Since these samples are replicates from the same biological sample, we can calculate the Jensen–Shannon divergence (JSD) on all pairs of long-read and short-read sample (10x4=40 pairs) for both long-read error models and we report the average JSD value. In addition, we calculate the JSD on all pairs of long-read quantification (within the same error model) to themselves (10x9/2=45 pairs) and finally on all pairs of short-read quantification (4x3/2=6).

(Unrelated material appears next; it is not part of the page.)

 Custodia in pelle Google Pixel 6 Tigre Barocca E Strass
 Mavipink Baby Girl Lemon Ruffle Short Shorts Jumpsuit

We calculate the JSD values similar to the previous example in this tutorial the scipy package in python. For any pair of quantification results, we first load the TPM values into qs1_data and qs2_data, and calculate the JSD value:

import sys
import pandas as pd
from scipy.spatial import distance

def load_quant(quant_fname):
	colnames = ['Name', 'Length', 'EffectiveLength', 'TPM', 'NumReads']
	data = pd.read_csv(quant_fname, sep='\t', header=0, names=colnames, nrows=92)
	print(data)
	return data.TPM.tolist()

def calc_jsd(quant1_fname, quant2_fname):
	qs1_data = load_quant(quant1_fname)
	print('Finished loading {} quant values.'.format(len(qs1_data)))
        
	qs2_data = load_quant(quant2_fname)
	print('Finished loading {} quant values.'.format(len(qs2_data)))

	jsd = distance.jensenshannon(qs1_data, qs2_data)
	return jsd

def usage():
	print('Usage:\npython {} quant1.sf quant2.sf'.format(sys.argv[0]))

def main():
	args = sys.argv[1:]
	if len(args) != 2:
		usage()
		exit(1)

	quant1_fname = args[0]
	quant2_fname = args[1]
	
	jsd = calc_jsd(quant1_fname, quant2_fname)
	print('JSD = {:.2f}'.format(jsd))
    
if __name__ == '__main__':
	main()

To run the python script above, save it as calc_jsd_qvq.py.

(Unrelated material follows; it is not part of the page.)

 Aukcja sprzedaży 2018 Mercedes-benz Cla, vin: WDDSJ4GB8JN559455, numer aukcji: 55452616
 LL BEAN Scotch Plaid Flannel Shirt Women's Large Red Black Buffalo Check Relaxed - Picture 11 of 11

python calc_jsd_qvq.py SAMPLE1/quant.sf SAMPLE2/quant.sf

where SAMPLE1 and SAMPLE2 are two samples that you would like to compare.

The table below shows the average JSD value on the pairs explained above:

  No error model ONT error model Short reads
No error model 0.433 - 0.561
ONT error model - 0.393 0.547
Short reads 0.561 0.547 0.117

Note: Lower JSD values indicate more similar distributions.

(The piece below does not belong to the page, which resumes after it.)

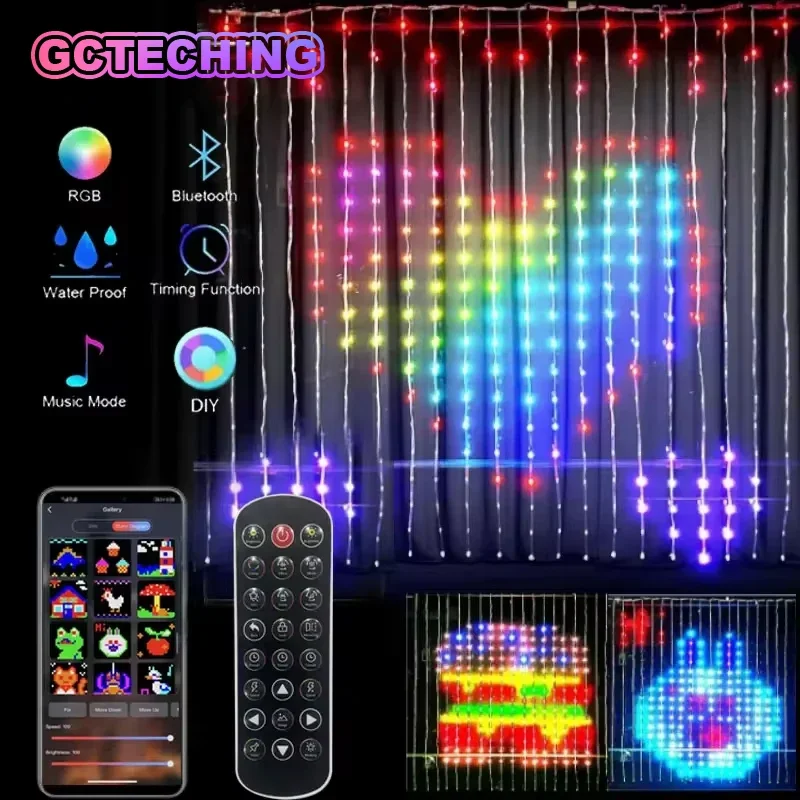 Decorative Lights 400LEDs Smart Curtain Lights Bluetooth App RGB Fairy Lights DIY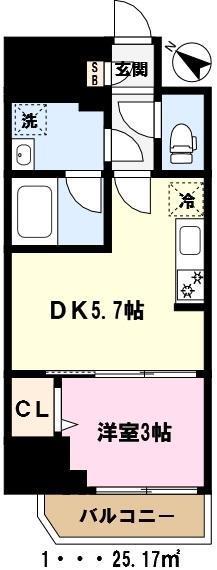 アーバンパーク川口幸町(1DK/14階)の間取り写真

Since these samples are all biologically the same, the ideal JSD would be zero, meaning that the quantification results are identical. Typically, the short reads have higher accuracy and would result in more accurate quantification and as you can see in the table, short reads show significantly lower JSD within themselves compared to long reads. When looking at long read results, the ONT error model illustrates lower JSD within themselves and also when compared to short reads. Thus, ONT error model provides better results while processing ONT long read samples using Salmon.